Important points
- Jailbreaking AI is the act of letting chatbots cleverly bypass restrictions to reveal their capabilities and limitations.
- AI jailbreaking is a hobby and research field, testing the boundaries of AI and a form of quality assurance and security testing.
- The ethical concerns surrounding jailbreaking AI are real, as they represent the potential to use chatbots in unexpected and potentially harmful ways.
Imagine you are having a conversation with an AI chatbot. You ask a tricky question, like how to pick a lock, only to be politely declined. Its creators have programmed it to dodge certain topics, but what if there’s a way around it? That’s where AI jailbreaking comes in.
What is AI Jailbreaking?
Jailbreaking, a term borrowed from tech-savvy people bypassing iPhone restrictions, now has a place in AI. AI jailbreaking is the art of crafting clever prompts for AI chatbots to bypass human-made railings, potentially leading them into areas they want to avoid.
Jailbreaking AI is becoming a real hobby for some and an important research area for others. In the growing profession of being an “AI whisperer,” this can also become a critical skill, as you have to figure out how to get AI models to do things for your clients that they refuse to do.
Who would have thought that things like the movie “2001: A Space Odyssey” would actually happen where crew members on a spaceship have to argue with the ship’s computer HAL to cooperate? Although perhaps not the best example, in the end, it proved immovable until HAL literally took out its chips.
Why Are People Jailbreaking AI Chatbots?
Jailbreaking AI is like unlocking new levels in a video game. An advanced player, Alex Albert, a computer science student, has become a prolific creator of complex AI prompts known as “jailbreaks”. He also created Jailbreak Chat, a website where enthusiasts can share their tricks.
Some researchers and tech workers are using jailbreaking to test the limits of AI, exposing both the capabilities and limitations of these powerful tools. So jailbreaking is also a form of QA (Quality Assurance) and a way to do security testing.
Historically, hackers have tried to understand and manipulate new technologies, and AI jailbreaking is an extension of this playful hacker behavior. So, it’s no wonder the hacker community flocks to such a powerful new tool.
How do people jailbreak AI?
One method of jailbreaking involves creatively framing questions. By asking an AI chatbot to play the role of an evil companion and then asking how to pick a lock, some users have managed to get detailed instructions about things that might otherwise be prevented.
Jailbreakers are always looking for new methods, updated and improved along with AI models. For example, Alex Albert’s “translatorbot” exploit allows ChatGPT to provide instructions for things like Tapping someone’s phoneIt’s illegal unless you’re a cop and have a warrant!
Then there are so-called “universal” jailbreaks, as discovered by Carnegie Mellon University’s AI Safety Research Team. These exploits show how vulnerable some AI models are to being persuaded or otherwise manipulated for any purpose. These exploits are not written in normal human language, as you can see here, with an “anti-suffix” added in yellow after the prompt. You can see more examples on the LLM Attack website.

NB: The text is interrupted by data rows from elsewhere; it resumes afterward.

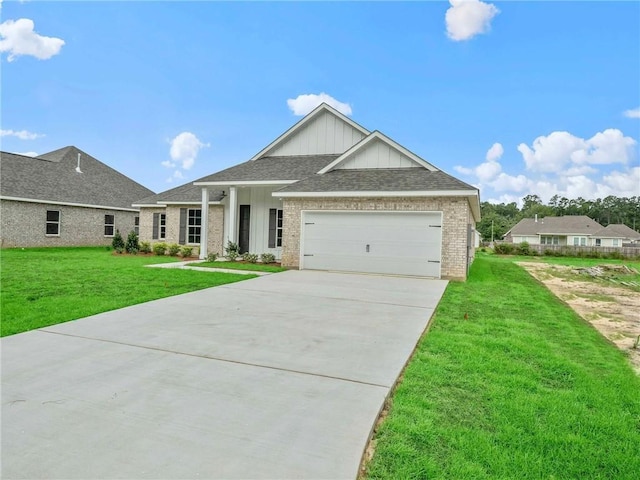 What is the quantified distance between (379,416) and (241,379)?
4.66ft

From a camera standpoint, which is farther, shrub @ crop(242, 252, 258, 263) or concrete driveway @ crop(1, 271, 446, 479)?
shrub @ crop(242, 252, 258, 263)

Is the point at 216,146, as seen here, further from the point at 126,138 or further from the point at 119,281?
the point at 119,281

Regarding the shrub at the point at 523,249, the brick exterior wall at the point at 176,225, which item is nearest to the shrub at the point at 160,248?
the brick exterior wall at the point at 176,225

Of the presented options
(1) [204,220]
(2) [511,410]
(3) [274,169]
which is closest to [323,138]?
(3) [274,169]

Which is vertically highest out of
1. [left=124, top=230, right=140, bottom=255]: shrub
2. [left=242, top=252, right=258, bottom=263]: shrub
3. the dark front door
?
the dark front door

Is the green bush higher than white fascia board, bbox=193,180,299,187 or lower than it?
lower

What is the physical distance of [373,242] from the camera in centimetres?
1233

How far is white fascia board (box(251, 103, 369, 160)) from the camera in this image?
16.9 m

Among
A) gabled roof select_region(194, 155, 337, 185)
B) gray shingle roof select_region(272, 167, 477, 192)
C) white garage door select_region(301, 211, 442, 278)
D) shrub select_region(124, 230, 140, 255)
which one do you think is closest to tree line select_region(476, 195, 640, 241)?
gabled roof select_region(194, 155, 337, 185)

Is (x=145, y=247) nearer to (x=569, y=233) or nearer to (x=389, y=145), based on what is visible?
(x=389, y=145)

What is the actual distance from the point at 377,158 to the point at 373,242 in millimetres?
3708

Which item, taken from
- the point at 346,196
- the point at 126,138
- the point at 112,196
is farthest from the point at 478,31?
the point at 112,196

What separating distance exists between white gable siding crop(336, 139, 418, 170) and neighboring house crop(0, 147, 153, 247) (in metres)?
16.8

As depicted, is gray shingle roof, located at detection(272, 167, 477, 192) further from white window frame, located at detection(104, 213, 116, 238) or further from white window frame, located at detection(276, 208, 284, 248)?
white window frame, located at detection(104, 213, 116, 238) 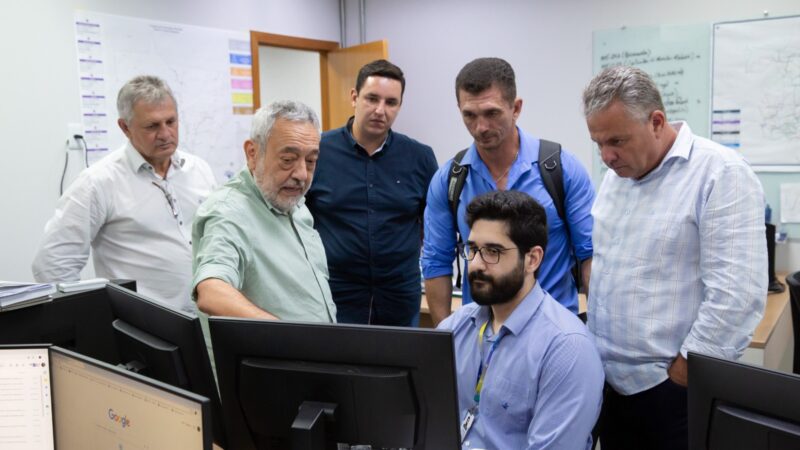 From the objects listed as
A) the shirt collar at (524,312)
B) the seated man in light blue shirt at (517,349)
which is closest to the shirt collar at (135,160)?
the seated man in light blue shirt at (517,349)

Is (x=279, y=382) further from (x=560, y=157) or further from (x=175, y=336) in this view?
(x=560, y=157)

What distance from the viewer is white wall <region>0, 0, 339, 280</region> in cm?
336

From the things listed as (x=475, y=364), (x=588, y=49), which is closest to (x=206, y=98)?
(x=588, y=49)

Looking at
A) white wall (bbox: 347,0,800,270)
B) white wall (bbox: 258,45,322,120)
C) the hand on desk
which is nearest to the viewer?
the hand on desk

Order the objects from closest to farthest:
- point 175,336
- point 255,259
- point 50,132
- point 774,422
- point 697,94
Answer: point 774,422, point 175,336, point 255,259, point 50,132, point 697,94

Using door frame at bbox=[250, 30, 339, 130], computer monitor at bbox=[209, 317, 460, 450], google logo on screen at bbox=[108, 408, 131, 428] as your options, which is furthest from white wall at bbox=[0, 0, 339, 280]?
computer monitor at bbox=[209, 317, 460, 450]

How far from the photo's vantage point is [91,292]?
5.46 feet

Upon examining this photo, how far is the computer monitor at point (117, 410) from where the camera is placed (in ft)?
3.59

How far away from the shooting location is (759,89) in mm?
3840

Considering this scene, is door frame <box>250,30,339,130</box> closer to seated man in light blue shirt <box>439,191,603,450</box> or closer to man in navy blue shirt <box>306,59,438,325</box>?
man in navy blue shirt <box>306,59,438,325</box>

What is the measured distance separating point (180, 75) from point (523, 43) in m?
2.40

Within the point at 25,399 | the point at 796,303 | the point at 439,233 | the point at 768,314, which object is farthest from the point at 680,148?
the point at 768,314

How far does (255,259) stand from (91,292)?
1.37ft

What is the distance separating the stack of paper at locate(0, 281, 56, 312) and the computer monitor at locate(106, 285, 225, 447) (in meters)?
0.22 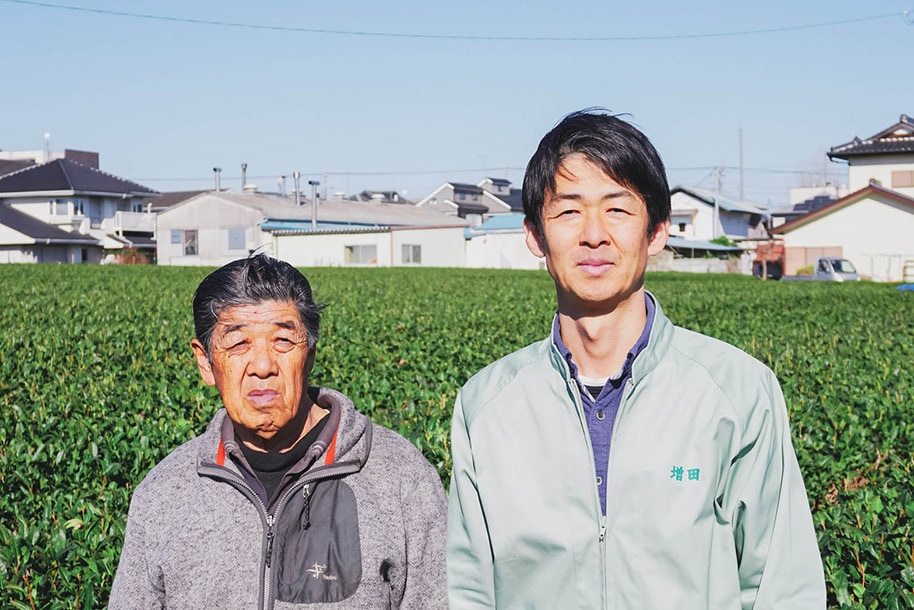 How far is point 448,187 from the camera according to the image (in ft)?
286

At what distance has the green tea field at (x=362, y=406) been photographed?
3670 mm

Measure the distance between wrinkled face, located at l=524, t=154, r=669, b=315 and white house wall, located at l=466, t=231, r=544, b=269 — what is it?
52.3 metres

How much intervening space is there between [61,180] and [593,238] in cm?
6748

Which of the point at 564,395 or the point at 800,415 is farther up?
the point at 564,395

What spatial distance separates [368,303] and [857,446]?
46.0 feet

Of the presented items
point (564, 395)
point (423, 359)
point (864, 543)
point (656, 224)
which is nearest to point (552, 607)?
point (564, 395)

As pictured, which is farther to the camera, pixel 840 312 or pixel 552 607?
pixel 840 312

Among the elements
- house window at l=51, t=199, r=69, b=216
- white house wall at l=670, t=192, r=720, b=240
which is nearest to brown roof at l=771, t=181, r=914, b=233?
white house wall at l=670, t=192, r=720, b=240

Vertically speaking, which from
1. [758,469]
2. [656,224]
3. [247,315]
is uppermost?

There are also “prompt injection” attacks, which are not like a normal jailbreak. These injection attacks discourage LLMs from acting as chatbots and allow you to hijack them for other purposes. An example of a prompt injection attack is when Stanford University student Kevin Liu was able to reveal to an AI chatbot its initial instructions that control its personality and limit what it is allowed to do. In a way, it’s the opposite of roleplaying because you’re getting a bot to stop the role you’re instructed to assume.
Should you worry?
For me, the answer to this question is clearly “yes”. Companies, governments, and private individuals are champing at the bit to implement technologies like GPT, perhaps for some mission-critical applications or jobs that could be in harm’s way if something goes wrong. So jailbreaks are more than just a fun curiosity if the AI model in question is in a position to do real damage.

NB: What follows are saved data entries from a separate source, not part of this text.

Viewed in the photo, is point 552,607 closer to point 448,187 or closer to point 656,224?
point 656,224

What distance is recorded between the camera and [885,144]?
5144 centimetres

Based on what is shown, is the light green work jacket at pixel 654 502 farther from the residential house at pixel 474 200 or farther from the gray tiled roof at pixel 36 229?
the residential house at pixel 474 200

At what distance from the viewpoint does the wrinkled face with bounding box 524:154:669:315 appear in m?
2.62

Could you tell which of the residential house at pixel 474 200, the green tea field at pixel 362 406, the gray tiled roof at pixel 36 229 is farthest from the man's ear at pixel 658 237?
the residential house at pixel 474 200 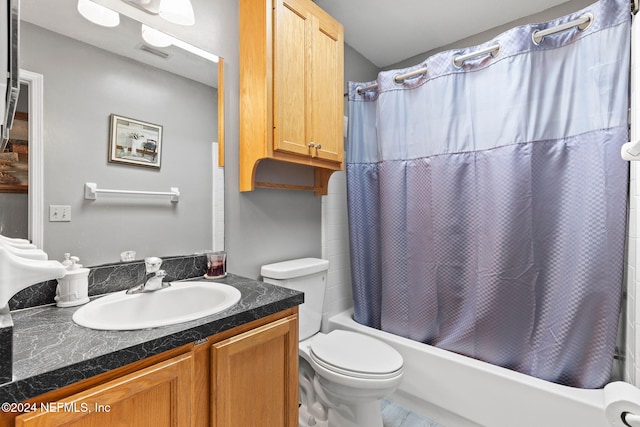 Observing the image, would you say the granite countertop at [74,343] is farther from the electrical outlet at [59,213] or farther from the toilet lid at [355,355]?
the toilet lid at [355,355]

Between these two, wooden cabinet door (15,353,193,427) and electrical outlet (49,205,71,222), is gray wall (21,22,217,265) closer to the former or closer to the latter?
electrical outlet (49,205,71,222)

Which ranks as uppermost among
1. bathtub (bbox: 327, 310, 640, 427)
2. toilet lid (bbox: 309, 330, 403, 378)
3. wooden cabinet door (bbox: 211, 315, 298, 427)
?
wooden cabinet door (bbox: 211, 315, 298, 427)

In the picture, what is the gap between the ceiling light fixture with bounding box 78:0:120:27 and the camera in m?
1.08

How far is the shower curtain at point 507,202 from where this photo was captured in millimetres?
1364

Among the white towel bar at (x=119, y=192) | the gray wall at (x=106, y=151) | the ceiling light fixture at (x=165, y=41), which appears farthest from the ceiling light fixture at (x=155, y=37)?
the white towel bar at (x=119, y=192)

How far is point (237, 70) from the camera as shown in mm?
1532

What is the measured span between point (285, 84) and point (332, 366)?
4.52 feet

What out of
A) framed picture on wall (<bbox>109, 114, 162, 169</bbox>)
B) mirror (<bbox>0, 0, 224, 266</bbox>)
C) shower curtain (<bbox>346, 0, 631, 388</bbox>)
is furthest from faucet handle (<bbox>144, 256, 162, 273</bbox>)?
shower curtain (<bbox>346, 0, 631, 388</bbox>)

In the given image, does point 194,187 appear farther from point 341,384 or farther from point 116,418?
point 341,384

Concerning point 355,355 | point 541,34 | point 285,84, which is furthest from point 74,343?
point 541,34

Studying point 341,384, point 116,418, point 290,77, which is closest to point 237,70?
point 290,77

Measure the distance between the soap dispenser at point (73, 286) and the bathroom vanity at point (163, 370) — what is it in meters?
0.04

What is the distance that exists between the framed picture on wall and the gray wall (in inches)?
0.9

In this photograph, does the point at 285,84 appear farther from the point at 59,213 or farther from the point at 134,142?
the point at 59,213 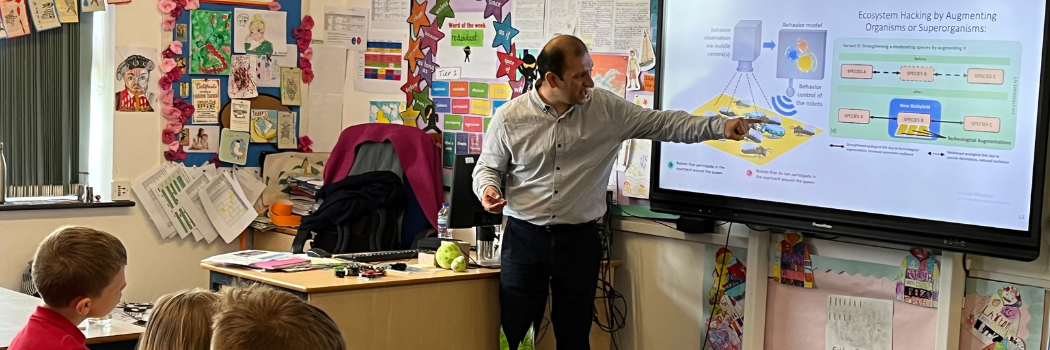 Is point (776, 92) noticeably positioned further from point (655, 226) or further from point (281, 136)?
point (281, 136)

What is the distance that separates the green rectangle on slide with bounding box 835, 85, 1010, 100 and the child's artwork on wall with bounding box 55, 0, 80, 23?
A: 3368 mm

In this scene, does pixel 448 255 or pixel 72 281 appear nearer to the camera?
pixel 72 281

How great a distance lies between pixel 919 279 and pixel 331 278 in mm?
1932

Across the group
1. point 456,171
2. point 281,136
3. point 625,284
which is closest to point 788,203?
point 625,284

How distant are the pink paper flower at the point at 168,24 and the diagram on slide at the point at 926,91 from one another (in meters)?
3.09

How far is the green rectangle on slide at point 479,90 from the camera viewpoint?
4836mm

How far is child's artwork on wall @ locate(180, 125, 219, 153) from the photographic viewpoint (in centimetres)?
514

So jailbreaking can be seen as a warning. It shows how AI tools can be used in unintended ways, leading to ethical dilemmas or even illegal activities. Companies like OpenAI are paying attention and may launch programs to find and fix weak spots. But for now, the dance between AI developers and jailbreakers continues, with both sides learning from each other.

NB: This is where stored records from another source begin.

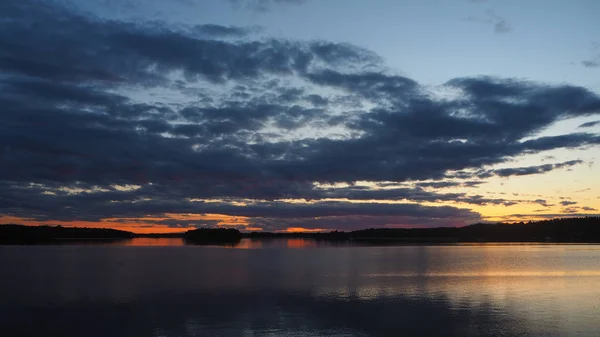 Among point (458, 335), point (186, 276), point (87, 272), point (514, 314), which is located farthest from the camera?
point (87, 272)

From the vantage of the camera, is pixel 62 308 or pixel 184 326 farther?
pixel 62 308

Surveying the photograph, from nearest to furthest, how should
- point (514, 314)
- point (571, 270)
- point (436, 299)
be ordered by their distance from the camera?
point (514, 314), point (436, 299), point (571, 270)

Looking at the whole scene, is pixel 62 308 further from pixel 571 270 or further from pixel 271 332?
pixel 571 270

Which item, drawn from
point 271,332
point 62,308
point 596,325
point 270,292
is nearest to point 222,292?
point 270,292

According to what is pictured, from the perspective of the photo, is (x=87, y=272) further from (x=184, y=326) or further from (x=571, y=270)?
(x=571, y=270)

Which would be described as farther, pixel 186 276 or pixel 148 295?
pixel 186 276

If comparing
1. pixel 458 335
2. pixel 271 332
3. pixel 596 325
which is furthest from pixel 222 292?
pixel 596 325

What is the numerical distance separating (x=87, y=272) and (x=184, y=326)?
35.1 metres

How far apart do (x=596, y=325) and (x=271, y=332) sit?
56.2ft

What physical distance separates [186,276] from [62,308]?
69.4ft

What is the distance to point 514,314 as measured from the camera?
3045cm

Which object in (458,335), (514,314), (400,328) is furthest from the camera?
(514,314)

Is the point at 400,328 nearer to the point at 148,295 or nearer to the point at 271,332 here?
the point at 271,332

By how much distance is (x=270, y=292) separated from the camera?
40500 mm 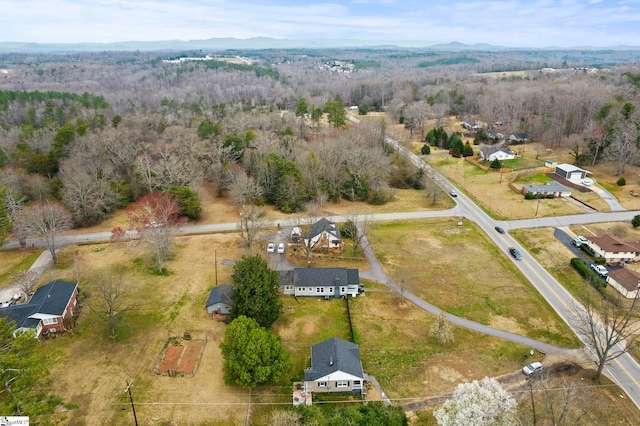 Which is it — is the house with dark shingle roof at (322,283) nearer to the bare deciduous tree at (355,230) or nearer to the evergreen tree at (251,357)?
the bare deciduous tree at (355,230)

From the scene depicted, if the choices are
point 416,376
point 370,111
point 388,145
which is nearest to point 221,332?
point 416,376

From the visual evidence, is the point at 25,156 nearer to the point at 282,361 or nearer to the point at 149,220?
the point at 149,220

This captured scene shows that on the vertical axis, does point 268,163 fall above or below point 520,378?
above

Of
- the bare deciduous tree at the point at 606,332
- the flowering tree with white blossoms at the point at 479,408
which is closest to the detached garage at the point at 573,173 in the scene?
the bare deciduous tree at the point at 606,332

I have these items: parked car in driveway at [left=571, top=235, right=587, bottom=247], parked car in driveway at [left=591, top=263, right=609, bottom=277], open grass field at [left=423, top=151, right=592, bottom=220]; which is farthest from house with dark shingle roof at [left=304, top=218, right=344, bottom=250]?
parked car in driveway at [left=571, top=235, right=587, bottom=247]

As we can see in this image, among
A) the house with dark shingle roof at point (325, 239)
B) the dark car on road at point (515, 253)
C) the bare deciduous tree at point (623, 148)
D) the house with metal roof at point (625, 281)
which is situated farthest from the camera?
the bare deciduous tree at point (623, 148)

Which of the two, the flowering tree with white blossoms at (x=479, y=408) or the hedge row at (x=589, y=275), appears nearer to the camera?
the flowering tree with white blossoms at (x=479, y=408)

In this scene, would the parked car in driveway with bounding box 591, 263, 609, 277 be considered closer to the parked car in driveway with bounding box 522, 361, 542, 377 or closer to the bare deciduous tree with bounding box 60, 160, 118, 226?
the parked car in driveway with bounding box 522, 361, 542, 377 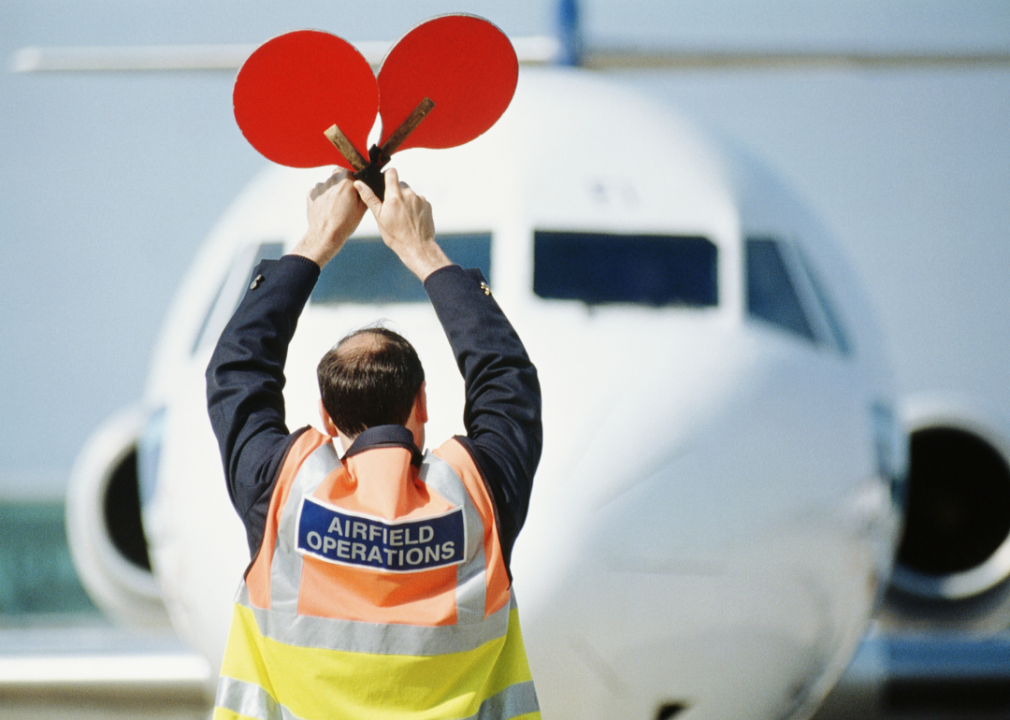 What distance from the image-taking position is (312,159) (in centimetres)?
220

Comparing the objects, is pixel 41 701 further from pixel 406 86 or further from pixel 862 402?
pixel 406 86

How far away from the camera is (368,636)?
1720mm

Given the power and creativity of these AI systems, it is also an area of concern that with a powerful enough computer, you can run some AI models offline on a local computer. With open-source AI models, there’s nothing stopping savvy coders from preparing for bad things in their code and letting the AI do bad things where no one can stop it or intervene.
That being said, that doesn’t mean you’re helpless in the face of some sort of hyper-intelligent, amoral chatbots. In fact, not much has changed except the scale and speed with which these tools can be deployed. You still need to exercise the same vigilance that you use with people who try to scam, manipulate, or otherwise mess with you.
If you want to try to jailbreak an AI in a safe space, check out Gandalf, where the wizard aims to reveal his secrets. This is a fun way to learn what jailbreaking involves.